TASK BRIEF — For this exercise, copy the records below exactly and exclude every image.

MATERIALS PROVIDED —
* * * * *
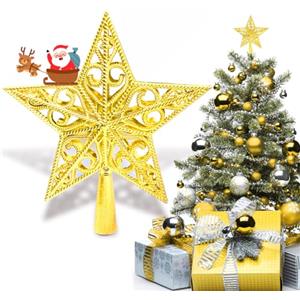 NOCHME Puntale Per Albero Di Natale Stella, Vintage Leggero Plastica Punte Albero Decorazioni Natalizie Ideale Christmas Tree Topper Decoration Star Oro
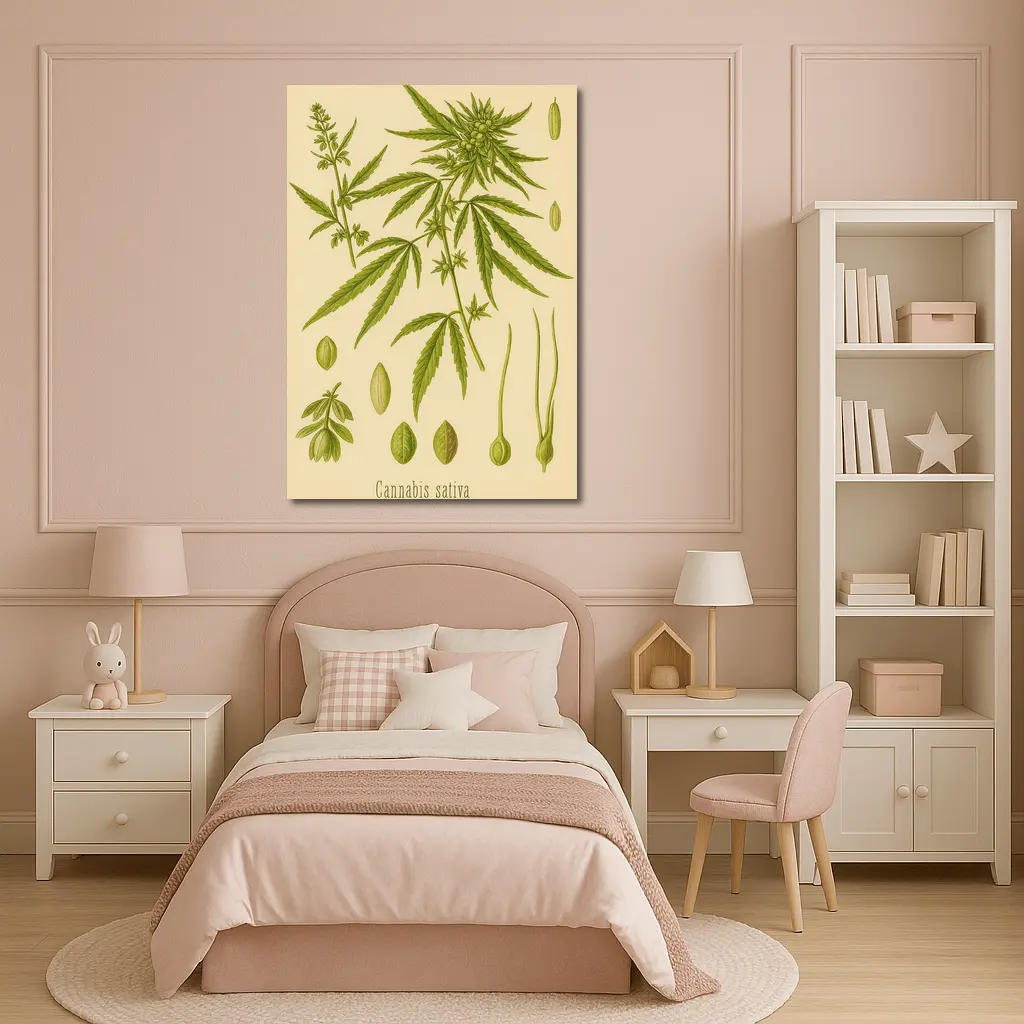 Cannabis Sativa Botanical Illustration Beige Background – Wall Art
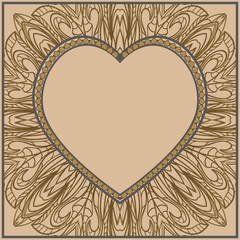 Greeting card with heart and floral ornament. Template For Valentine's Day. Vector Illustration. For Greeting Card, Invitation Or Posters.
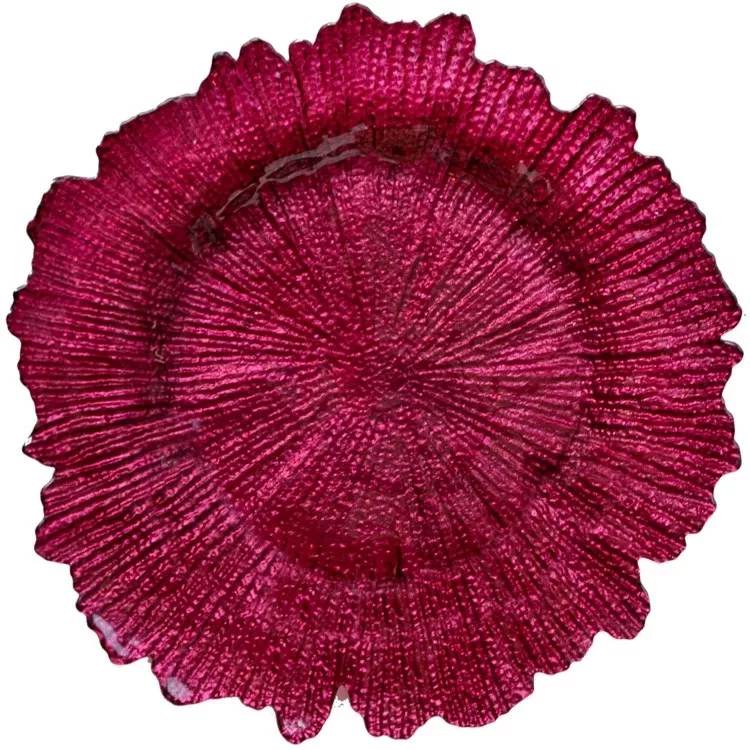 Luxury Tree-Textured Flower Shaped Glass Charger Plate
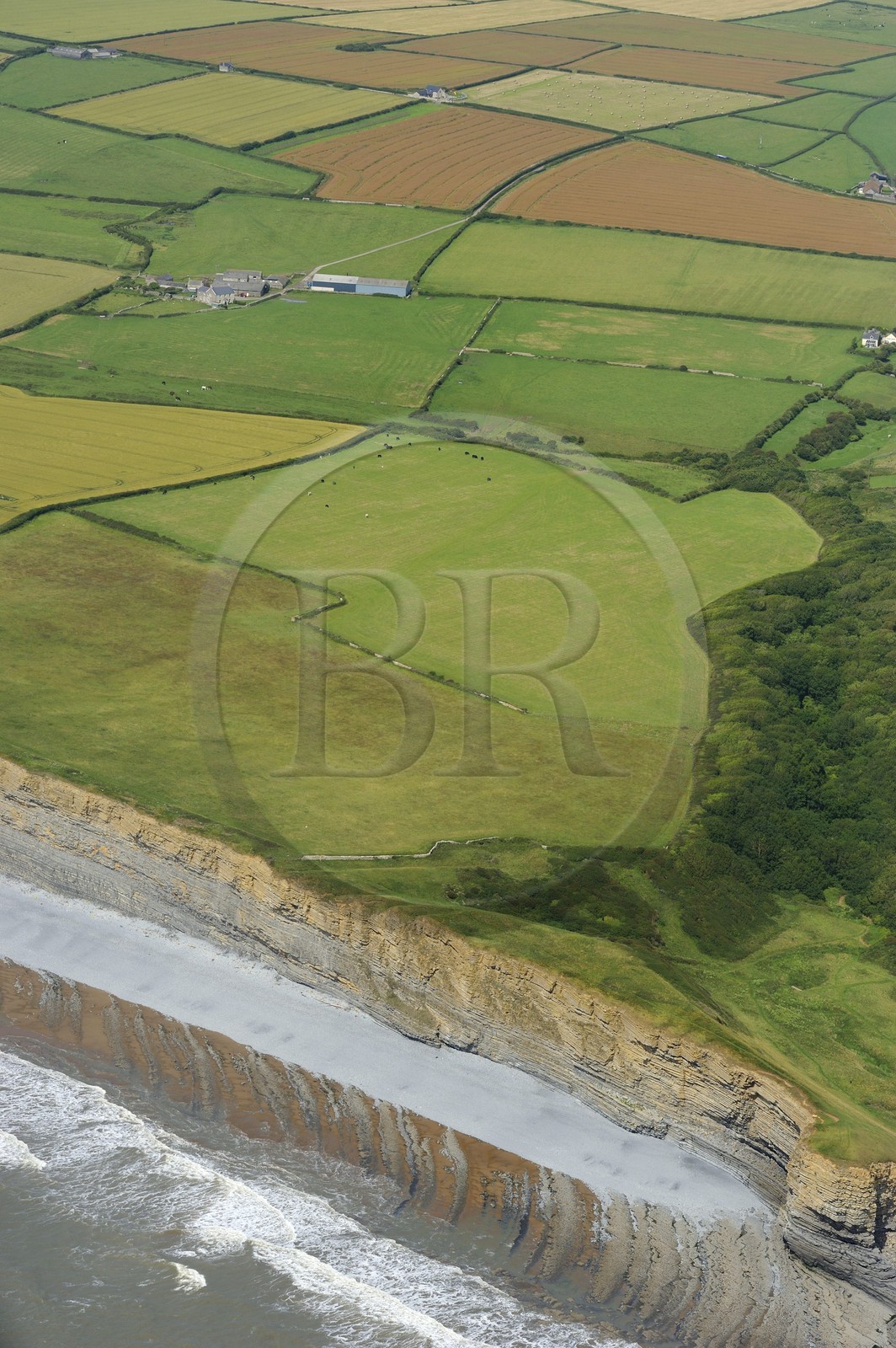 United Kingdom, England, Wales, the coast at Llantwit Major (aerial view)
* * * * *
RESPONSE TO THIS EXERCISE —
 NOCHME Puntale Per Albero Di Natale Stella, Vintage Leggero Plastica Punte Albero Decorazioni Natalizie Ideale Christmas Tree Topper Decoration Star Oro
 Cannabis Sativa Botanical Illustration Beige Background – Wall Art
 Greeting card with heart and floral ornament. Template For Valentine's Day. Vector Illustration. For Greeting Card, Invitation Or Posters.
 Luxury Tree-Textured Flower Shaped Glass Charger Plate
 United Kingdom, England, Wales, the coast at Llantwit Major (aerial view)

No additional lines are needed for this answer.